Tuesday 8 September 2009We Christians have from the beginning thought it good to translate our Scriptures. One important result of this is that we have no scriptural text: we have, instead, versions. Every book of the canon exists in many versions — Hebrew, Greek, Latin Syriac, English, Spanish, Telugu, Japanese, Swahili, and so on. For Catholics, some versions are authorized locally to be read (and chanted) liturgically. The worldwide list of such versions is long, and each version found on that list is Scripture exactly in the sense that when we read and hear it in the context of a liturgical celebration we read and hear the word of the Lord — which is exactly what we say after having read it: “The Word of the Lord.” But what are these versions versions of? They are all (it seems to me) authoritative versions of what the Lord says to his people. That must be so if we call each and any of them verbum Dei. But the versions differ among themselves in many ways: lexically, syntactically, semantically, in register and tone and diction, and so on. This variation, I should think, is not a problem for the Church but an opportunity. Thinking through in what that opportunity consists requires a theology of the versions, something which the Church has not yet fully developed.
time, liturgy, repetition
Thursday 3 September 2009Time is a gift, but one whose texture makes accepting it almost impossible.
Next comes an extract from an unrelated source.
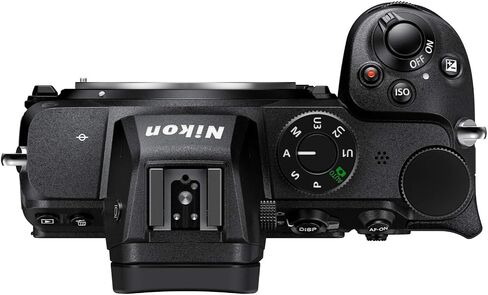 Nikon Z 5 FX-Format Mirrorless Camera Body with FTZ II Mount Adapter Bundle (2 Items) in Saudi Arabia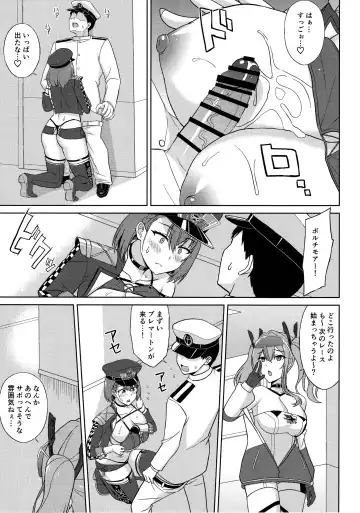 [Summer] Bakunyuu Race Queen Baltimore 2 Fhentai - Page 11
We are catechized into thinking it linear and capable of being ordered, constrained, and used; and we are encouraged to enter it and remain in it Janus-faced, looking back with nostalgic regret or disappointed agony, and forward with fear-laced hopelessness, certain only of loss and decay and betrayal. Our days & nights, lived like this, are like weavers’ shuttles: the fabric of our lives is worn thin by them, until we die. The liturgy orders time differently, and remakes us if we can learn to let it. The liturgical life empties time of its power by transfiguring it into a repetitive stammer, each of whose repetitions confesses its own inadequacy differently, and in so doing glories in what it is. No longer linear, no longer Janus-faced, time becomes the circular Psalm-chant, the Sanctus sung in choir without beginning or end. The time of narrative, of development from this to that, of one damn thing after another, is in this way rendered into a tableau in which the Prodigal’s departure and return are together iconically present.